Deux établissements occupent alors les lieux de ce que sera plus tard notre hôpital la Grave: un petit hospice et un couvent de frères bénédictins issus de l’abbaye de Moissac.
Entre 1508 et 1544, le futur Hôpital de la Grave est transformé et agrandi, notamment pour permettre l’accueil des pestiférés (la peste ravage en effet Toulouse, emportant près de 3000 personnes dans les premières années du siècle).
Il va s’appeler hôpital Saint-Sébastien (du nom du Saint protecteur contre la peste), le long de la Garonne et rejoignant, à l’ouest, le rempart et la tour Taillefer. Cette tour fut construite entre 1516 et 1517 ; il s’agit en fait de l’une des 4 tours qui flanquent le rempart englobant le faubourg St Cyprien, surplombant la Garonne à environ 35 m de hauteur.

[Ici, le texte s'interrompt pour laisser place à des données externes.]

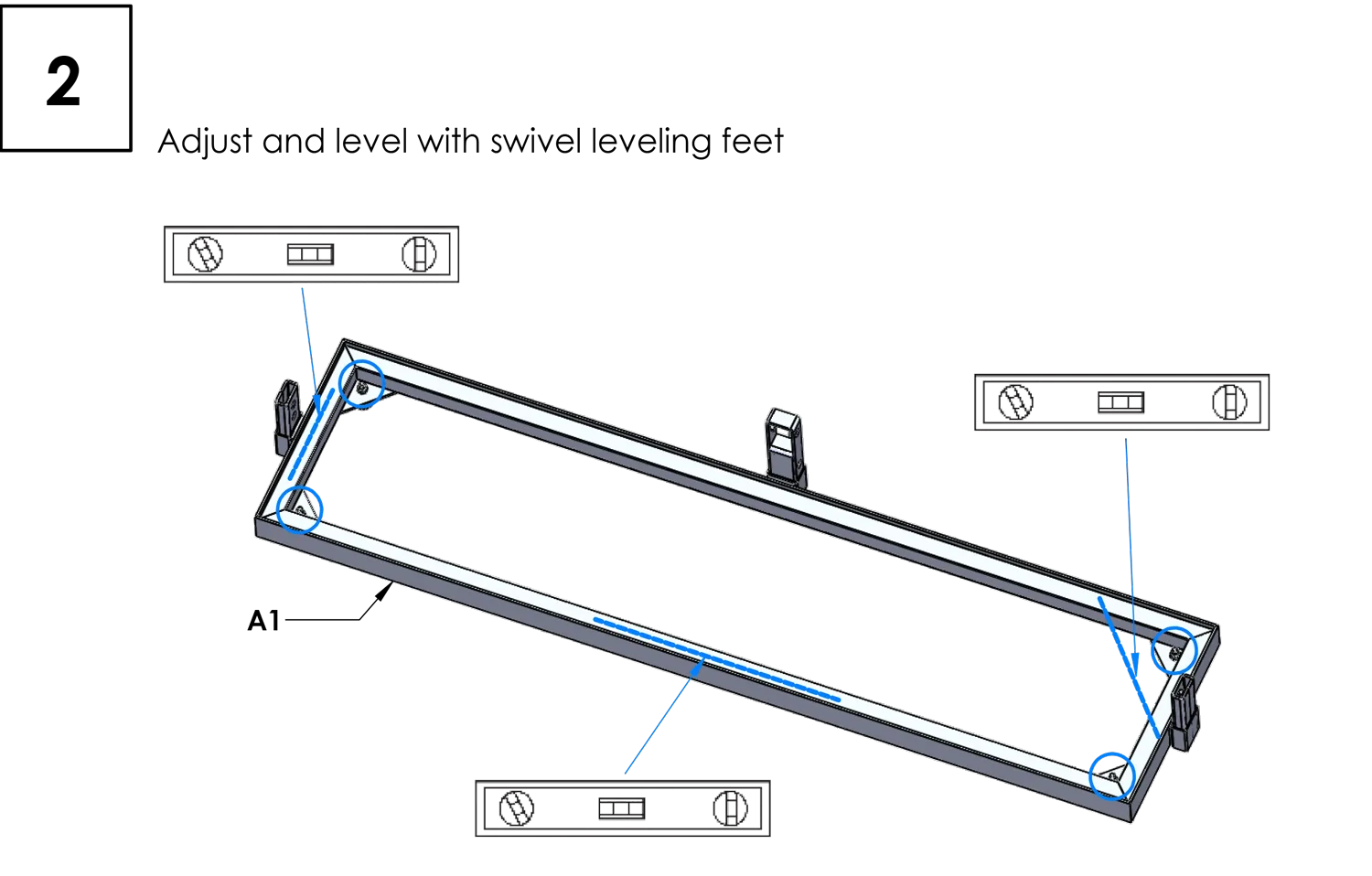 Green Divider frame assembly step 2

La Tour Taillefer est à l’origine une tour d’artillerie servant de réserve de poudre et de munitions. Elle fut affectée à l’accueil des pestiférés, des mendiants et des épileptiques car son isolement en fait un lieu particulièrement bien adapté pour mettre à l’écart les malades victimes d’épidémies, les pestiférés notamment ; par ailleurs elle compte peu d’ouvertures et se dresse à l’ouest, ce qui évite à la ville les effluves malodorants les jours de vent d’Autan.

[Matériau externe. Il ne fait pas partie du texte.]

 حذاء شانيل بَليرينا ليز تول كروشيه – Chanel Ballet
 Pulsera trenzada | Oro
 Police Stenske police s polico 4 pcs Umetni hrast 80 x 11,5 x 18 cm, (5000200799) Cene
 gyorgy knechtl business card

La tour Taillefer au premier plan
Les années qui vont suivre vont être traumatisantes pour la population : épidémies, guerres, famines, … Toutes ces catastrophes vont jeter à la rue nombre de personnes. La pauvreté et la misère vont conduire à une augmentation de la délinquance qui va elle-même mettre en danger l’ordre public.

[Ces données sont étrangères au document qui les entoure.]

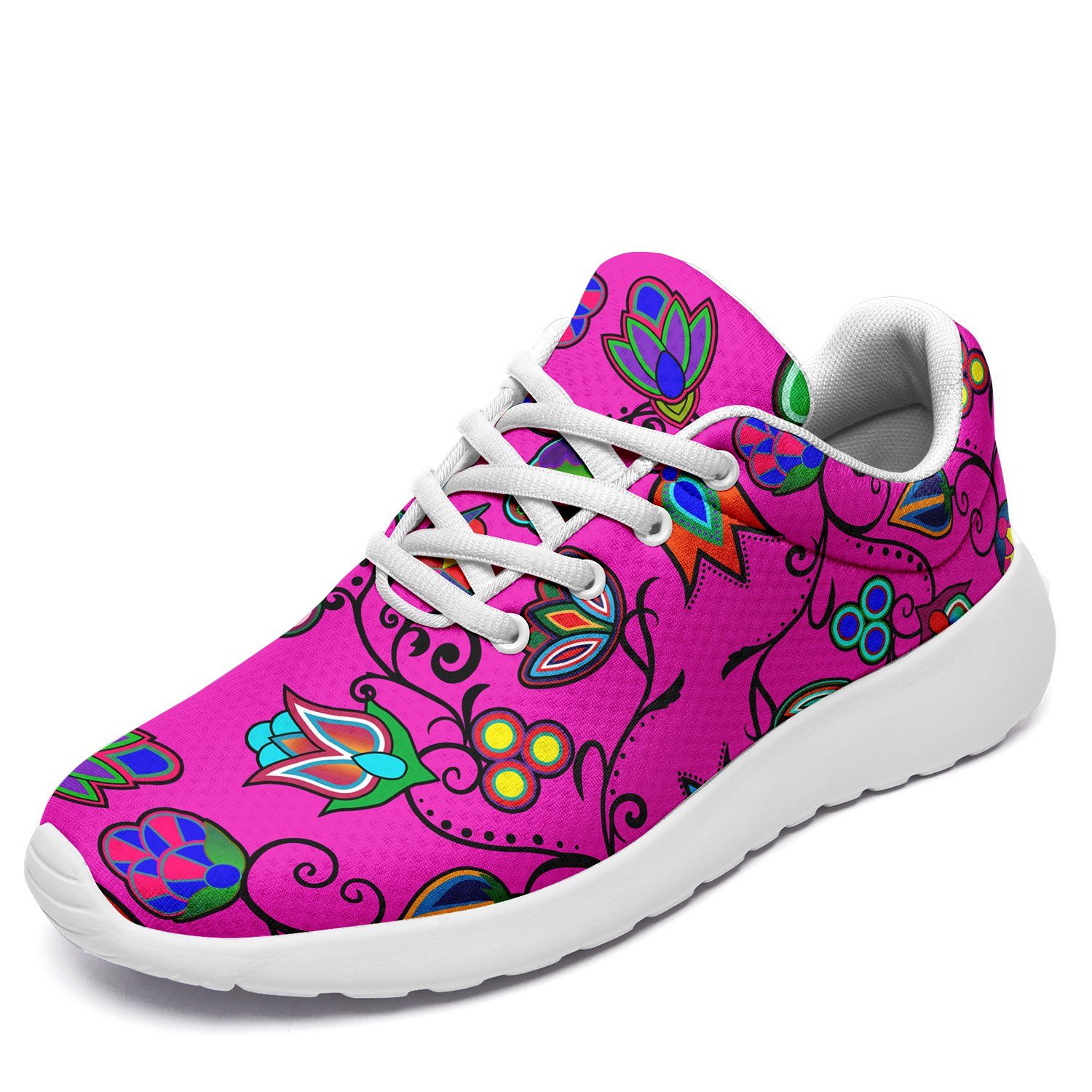 Indigenous Paisley Ikkaayi Sport Sneakers 49 Dzine US Women 4.5 / US Youth 3.5 / EUR 35 White Sole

Pour donner un ordre d ‘idée, sur une population estimée à 40 000 habitants (après l’épidémie de peste de 1628/1631 qui a fait 10 000 morts), Toulouse compte 5 000 mendiants .
C’est ainsi qu’à partir des années 1630-1640, va se mettre en place partout en France ce que l’on va appeler le « Grand Renfermement ». Cette politique conduit les autorités à interner d’office les pauvres, de façon à les « soigner, instruire et relever leur niveau moral ». Voir article sur ce sujet ICI.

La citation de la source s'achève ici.